Exploring Vectors, Embeddings, and Vector Databases

Chat with your data essential notions.

TL;DR

Explore the world of vectors, embeddings, and vector databases in mathematics, physics, and machine learning. Learn how to generate embeddings using Hugging Face Inference API and store them in vector databases for efficient retrieval. Discover the significance of vector databases in handling high-dimensional numerical vectors and their applications in various fields. Gain insights into retrieval-augmented generation (RAG) and indexing methods employed in vector databases.

Vectors

In mathematics and physics

According to Wikipedia Vector is: a term that refers colloquially to some quantities that cannot be expressed by a single number (a scalar), or to elements of some vector spaces.. Here you can play with vectors

In machine learning

According to Algolia’s documentation, vectors signify : input data, including bias and weight. In the same way, output from a machine-learning model (for example, a predicted class), can be put into vector format.

Here is another definition from IBM : Vectors are arrays of numbers that can represent complex objects like words, images, videos and audio, generated by a machine learning (ML) model. High-dimensional vector data is essential to machine learning, natural language processing (NLP) and other AI tasks

Vector space

Embeddings

Embeddings are numerical representations of documents, which can include various types such as text, images, videos, and audio. These embeddings capture semantic relationships and contextual information, enabling algorithms to perform tasks such as similarity analysis, recommendation systems, and natural language understanding.

Let’s embed(encode) the above paragraph using Hugging Face Inference API. If you want to follow along you need to create an account at Hugging Face . Also, an access token with write permission is required.

Using a tool such as Postman, you can generate the embedding by sending a POST request to the endpoint

 https://api-inference.huggingface.co/pipeline/feature-extraction/{model_id}

where model_id corresponds to

sentence-transformers/all-MiniLM-L6-v2
{
"inputs": "Embeddings are numerical representations of documents, ...",
"options":{
"wait_for_model": true
}
}

The generated embedding is a list of 384 numbers (dimensions of the data), representing the semantic meaning of the text.

{
[
-0.003196842037141323,
-0.07144313305616379,
0.06496944278478622,
...
]
}

The length of this list varies depending on the model employed.

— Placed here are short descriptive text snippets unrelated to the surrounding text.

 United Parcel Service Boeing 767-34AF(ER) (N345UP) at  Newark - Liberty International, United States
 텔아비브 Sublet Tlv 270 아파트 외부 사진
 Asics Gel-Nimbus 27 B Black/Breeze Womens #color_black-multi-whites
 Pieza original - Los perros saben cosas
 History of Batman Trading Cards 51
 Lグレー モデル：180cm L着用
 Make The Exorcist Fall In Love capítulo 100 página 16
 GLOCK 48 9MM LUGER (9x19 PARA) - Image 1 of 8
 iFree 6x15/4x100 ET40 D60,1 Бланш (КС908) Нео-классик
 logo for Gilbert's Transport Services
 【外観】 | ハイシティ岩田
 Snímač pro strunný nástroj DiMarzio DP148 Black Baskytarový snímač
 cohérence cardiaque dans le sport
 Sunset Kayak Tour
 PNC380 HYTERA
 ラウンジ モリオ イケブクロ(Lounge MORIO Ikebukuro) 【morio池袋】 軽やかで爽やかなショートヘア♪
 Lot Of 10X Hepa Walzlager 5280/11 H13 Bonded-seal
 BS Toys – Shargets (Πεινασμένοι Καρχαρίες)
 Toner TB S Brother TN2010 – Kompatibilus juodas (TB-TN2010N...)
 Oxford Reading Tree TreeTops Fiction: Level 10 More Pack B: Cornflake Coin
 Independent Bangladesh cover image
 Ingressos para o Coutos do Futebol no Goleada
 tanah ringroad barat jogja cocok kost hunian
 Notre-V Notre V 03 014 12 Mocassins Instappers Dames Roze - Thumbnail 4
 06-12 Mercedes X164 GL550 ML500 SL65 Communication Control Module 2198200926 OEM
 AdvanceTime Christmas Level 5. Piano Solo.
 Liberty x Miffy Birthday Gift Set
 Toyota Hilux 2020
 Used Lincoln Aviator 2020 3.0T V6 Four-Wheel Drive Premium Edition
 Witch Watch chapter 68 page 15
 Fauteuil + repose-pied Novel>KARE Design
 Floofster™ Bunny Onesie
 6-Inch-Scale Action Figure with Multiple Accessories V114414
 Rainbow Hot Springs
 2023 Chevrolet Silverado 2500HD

If OpenAI text-embedding-ada-002 model is utilized, the length of this list would be 1536 dimensions.

Depending on the index schema, additional fields, including the text and the equivalent embedding, must be stored in an index of a vector database for future retrieval. But what exactly is a vector database?

Vector Databases

Vector databases specialize in handling vector data, which are mathematical entities represented across multiple dimensions. They find extensive application in semantic searches, retrieval augmentation generation (RAG), and geographic information systems (GIS). Essentially, they enable the storage and retrieval of more relevant results in a highly scalable manner.

One of the most common ways to store and search over unstructured data is through vector databases.

At the core of a vector database is its ability to determine content that is close in meaning to a given query. This is achieved by first embedding the data and storing the resulting embedding vectors. During query time, an embedding is generated for the query, which is then used to query the stored data and retrieve the entries that are most similar to the embedded query.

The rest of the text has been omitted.